Damage Behavior Between Two Pt(111) Surfaces with Adsorbed Benzene Molecules

Hydrocarbon adsorption at the contact interface of nano-electromechanical switches is the main cause of device failure. This study simulated the approaching and separation process between two Pt(111) surfaces with adsorbed benzene molecules by Reactive molecular dynamics (ReaxFF-MD) simulations, to investigate the influence of benzene molecular coverage and relative orientation of substrate crystal surfaces on the adsorption structure of interfacial benzene molecules and substrate surface damage.
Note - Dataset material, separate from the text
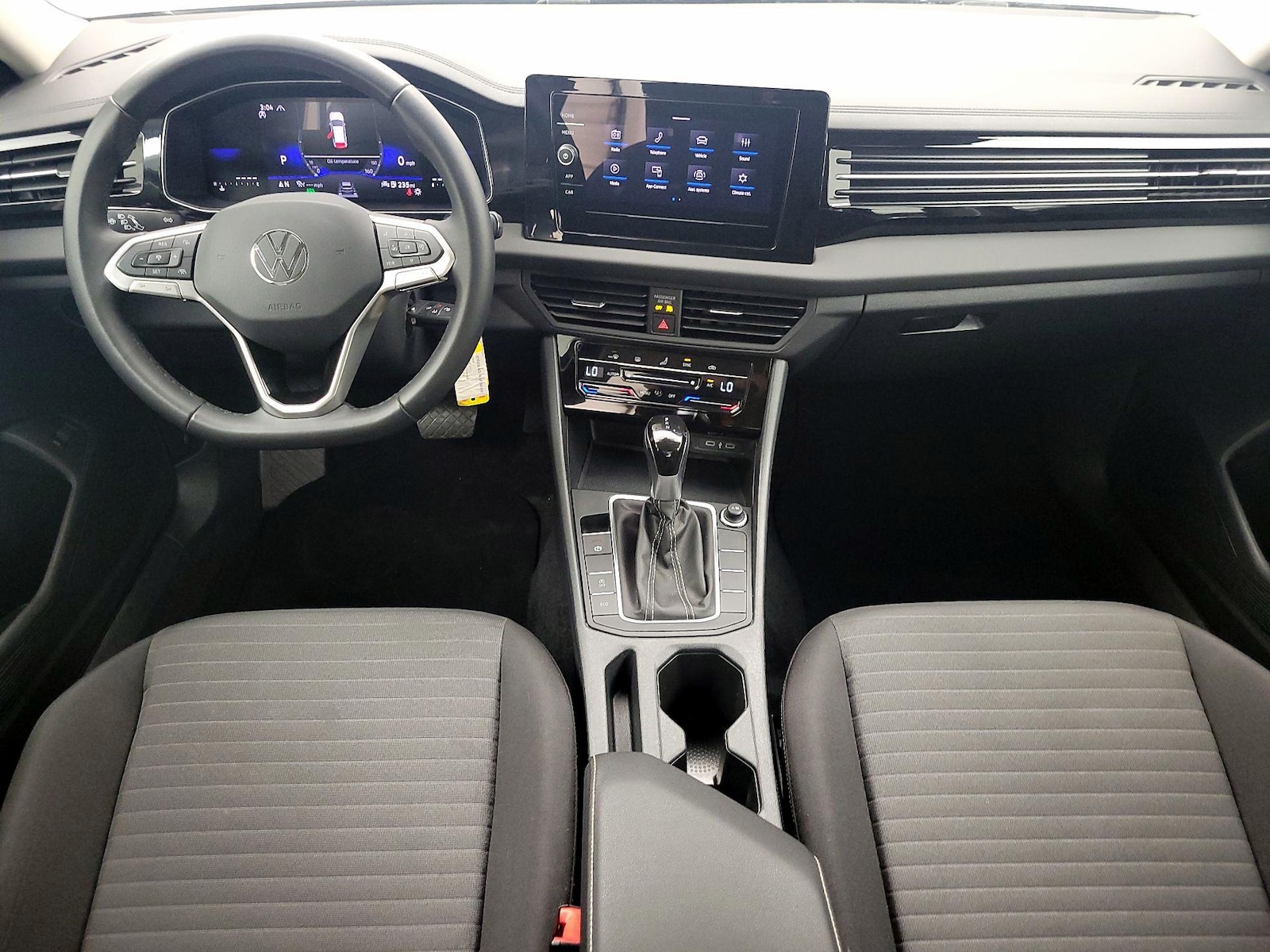 2025 Volkswagen Jetta S - Photo 10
During the approaching process, the interfacial benzene molecules form horizontal top and hollow adsorption structures in the sub-monolayer and monolayer coverage models, yet tilted adsorption structures in the multilayer coverage model. The formation of top and hollow adsorption structures is significantly affected by the relative crystallographic orientation. When two substrate surface atoms are aligned with each other, the interfacial benzene molecule is easy to form top adsorption structure, otherwise it tends to form hollow adsorption structure. However, the formation of the tilted adsorption structure is independent of the relative crystallographic orientation. Benzene molecules in horizontal hollow adsorption are usually bonded with two surfaces simultaneously. During the separation process, these bridging benzene molecules, simultaneously bonded with two substrates, lead to atomic detachment and other forms of damage on the metal surface. This feature may cause much more substrate damage in the monolayer coverage model than in the other two coverage models. This work provides a deeper insight into the damage mechanism of the contact surface of nano-electromechanical devices.